Still, officials said much work remained. “Unacceptably large numbers of families across the country are still at risk of losing homes,” said Mr. Geithner.

8 Responses

  1. Just been denied a loan mod by Chase because my husband is laid off. Why else would we have applied for one? They encouraged us to do so when he was laid off, and now after all of the paperwork and bull, they denied us. Obama mortgages are a lie and the game was created only to make him appear to be more Super Obama. He didn’t get my vote last time, and he will not get it next time. His PR game is only hurting people who are already hurting.

  2. Here’s a little ditty from “Law 360” Securities Law newsletter:

    “J.P. Morgan Agrees to $480M ARS Buyback

    JPMorgan Chase & Co. has reached a settlement that ends a multi-state investigation of claims that the bank concealed the liquidity risks of investing in the doomed auction rate securities market, agreeing to offer full ARS buybacks to the tune of $480 million.”

    I want to know when Wells Fargo, Citigroup Global Markets, Barclays, Bank of America, and the rest of these crooks will follow suit. It’s coming, folks. It’s coming.

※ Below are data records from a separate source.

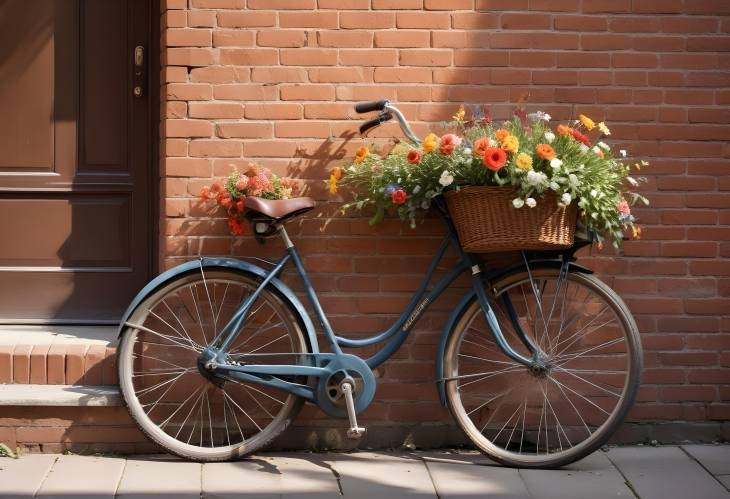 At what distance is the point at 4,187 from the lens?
17.1 feet

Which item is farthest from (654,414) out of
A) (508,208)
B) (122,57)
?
(122,57)

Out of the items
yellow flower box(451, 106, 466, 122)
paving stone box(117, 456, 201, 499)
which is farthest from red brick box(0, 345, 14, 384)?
yellow flower box(451, 106, 466, 122)

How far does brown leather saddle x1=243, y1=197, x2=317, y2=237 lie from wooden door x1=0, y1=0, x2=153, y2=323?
3.06ft

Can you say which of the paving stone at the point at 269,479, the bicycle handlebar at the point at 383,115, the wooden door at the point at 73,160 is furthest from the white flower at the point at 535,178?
the wooden door at the point at 73,160

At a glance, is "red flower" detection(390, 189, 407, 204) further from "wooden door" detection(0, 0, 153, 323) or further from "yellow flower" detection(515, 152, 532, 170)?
"wooden door" detection(0, 0, 153, 323)

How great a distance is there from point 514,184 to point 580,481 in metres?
1.25

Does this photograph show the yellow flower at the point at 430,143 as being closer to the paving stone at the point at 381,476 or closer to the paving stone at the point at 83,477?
the paving stone at the point at 381,476

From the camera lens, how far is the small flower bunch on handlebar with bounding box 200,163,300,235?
4.53 meters

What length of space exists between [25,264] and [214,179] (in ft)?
3.81

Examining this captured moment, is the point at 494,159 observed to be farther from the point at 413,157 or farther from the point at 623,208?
the point at 623,208

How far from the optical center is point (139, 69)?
518cm

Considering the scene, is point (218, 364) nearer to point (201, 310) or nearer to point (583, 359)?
point (201, 310)

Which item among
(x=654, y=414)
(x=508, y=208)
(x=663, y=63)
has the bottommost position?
(x=654, y=414)

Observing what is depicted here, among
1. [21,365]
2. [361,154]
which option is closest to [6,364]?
[21,365] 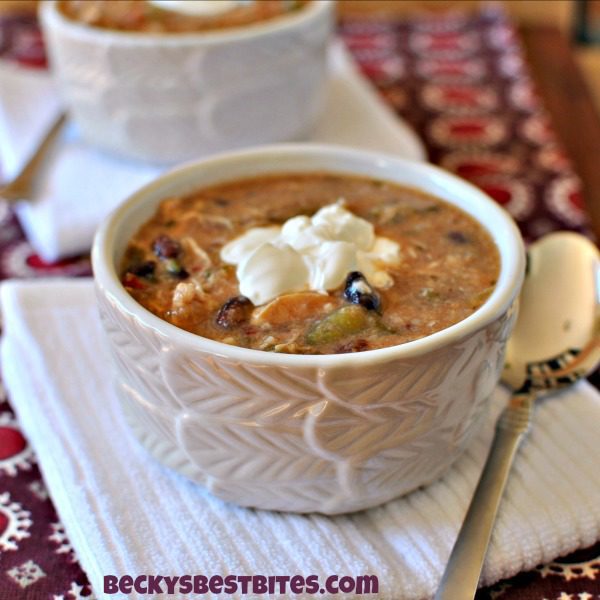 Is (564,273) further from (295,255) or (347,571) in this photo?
(347,571)

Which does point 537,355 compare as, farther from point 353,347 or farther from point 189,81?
point 189,81

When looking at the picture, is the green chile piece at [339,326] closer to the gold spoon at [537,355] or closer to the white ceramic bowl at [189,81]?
the gold spoon at [537,355]

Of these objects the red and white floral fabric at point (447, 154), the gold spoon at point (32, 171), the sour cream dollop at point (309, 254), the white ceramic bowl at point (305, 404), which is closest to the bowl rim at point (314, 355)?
the white ceramic bowl at point (305, 404)

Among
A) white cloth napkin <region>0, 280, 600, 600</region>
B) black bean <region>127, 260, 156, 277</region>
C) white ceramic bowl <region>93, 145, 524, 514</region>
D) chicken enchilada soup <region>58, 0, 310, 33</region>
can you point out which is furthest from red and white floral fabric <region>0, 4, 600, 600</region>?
chicken enchilada soup <region>58, 0, 310, 33</region>

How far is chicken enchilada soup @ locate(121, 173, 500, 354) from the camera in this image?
100 cm

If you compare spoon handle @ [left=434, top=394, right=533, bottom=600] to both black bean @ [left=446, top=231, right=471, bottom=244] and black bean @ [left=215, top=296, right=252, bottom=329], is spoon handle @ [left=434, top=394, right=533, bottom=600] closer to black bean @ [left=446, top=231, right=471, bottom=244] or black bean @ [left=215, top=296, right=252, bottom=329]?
black bean @ [left=446, top=231, right=471, bottom=244]

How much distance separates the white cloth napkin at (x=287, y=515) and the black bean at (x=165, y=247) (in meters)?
0.19

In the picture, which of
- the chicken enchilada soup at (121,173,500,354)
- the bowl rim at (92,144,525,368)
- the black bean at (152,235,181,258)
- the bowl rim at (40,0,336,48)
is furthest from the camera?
the bowl rim at (40,0,336,48)

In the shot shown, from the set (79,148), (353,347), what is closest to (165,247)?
(353,347)

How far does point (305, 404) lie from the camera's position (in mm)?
897

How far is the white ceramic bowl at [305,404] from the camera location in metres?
0.89

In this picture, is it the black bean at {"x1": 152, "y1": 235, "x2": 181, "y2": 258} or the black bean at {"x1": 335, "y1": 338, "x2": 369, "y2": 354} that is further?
the black bean at {"x1": 152, "y1": 235, "x2": 181, "y2": 258}

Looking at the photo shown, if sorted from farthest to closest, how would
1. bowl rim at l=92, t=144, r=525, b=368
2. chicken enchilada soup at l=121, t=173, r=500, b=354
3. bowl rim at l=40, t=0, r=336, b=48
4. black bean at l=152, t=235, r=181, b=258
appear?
bowl rim at l=40, t=0, r=336, b=48
black bean at l=152, t=235, r=181, b=258
chicken enchilada soup at l=121, t=173, r=500, b=354
bowl rim at l=92, t=144, r=525, b=368

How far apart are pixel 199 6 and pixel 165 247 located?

  3. That’s all I want you to do. THINK DIFFERENTLY! Thanks, Deontos

  4. usedkarguy,

    You know I don’t always agree with your posts.
    But you make me THINK DIFFERENT
    sometime. Thank you.

  5. “The Treasury Hails a Milestone???” Little Timmy Geithner, the guy with the unpaid income tax? The Goldman Sachs guy? And how about brother Ben Bernanke? Another Goldman Sachs Alum…These guys should be headed to JAIL! And then the Europeans give OBAMA the Nobel Peace Prize? How did he earn the Peace Prize after 11 days in office (that’s when the balloting closed)?? Did they award it based on his campaign speeches? Certainly not because of any accomplishments–THERE AREN’T ANY ACCOMPLISHMENTS!!!!! I’m telling you, folks, they won’t be happy until we are all standing in unemployment and bread lines!! When the Jokers at Wells Fargo sent me my modification agreement (fix the rate at 8.5% and tack the balance onto a FORTY YEAR MORTGAGE) I just laughed. Then they had the balls to call and said “We’re waiting to get your modification agreement back, did you send it?” I said “Why, no. Why would I? I’m 52 years old. Why would I sign a 40 year mortgage? At 8.5%? Are YOU F_____G GOOFY? ” That’s when the QWR and Demand letters started flying. I’m telling you what I think. Anybody who reads this should STOP PAYING if they have any proof of fraud regarding their mortgage or origination. Now, this is easy for me to say. I have no equity in the house. At the current time, with the underwater amount ($30,000), the plaintiff’s legal bill ($24,000) and the past due payments ($32,000), I am single-handedly trying to send Wells Fargo into receivership!!!! I just can’t figure out why their stock price keeps going up? Just wait until after January 1, 2010. If the banks don’t stop the accounting changes from taking place, BLAMMO! They’re DONE! Yes, the modification is a RUSE! Don’t fall for it! By the way, do not construe this as legal advice.

  6. Andy,

    If you haven’t had a chance yet; Google and read up on what April Charney has done in Florida.

    That might give you some more “points to ponder”.

  7. Buy them off (with a mod, that is).

  8. Mr. Garfield,
    I get the fact that it’s a ruse. To the servicing company, it represents the difference between saving money they think they have on paper, or admitting they have nothing. They will go down fighting, if they don’t win. But I’m in court with a judge who doesn’t think, who doesn’t question the corporate statements, and can’t see through the emperor’s clothes. If I sacrfifice my case against the lender, my house won’t be sold. At what point will it be worthwhile to buy them off? They certainly aren’t going away, even when they know they’re wrong.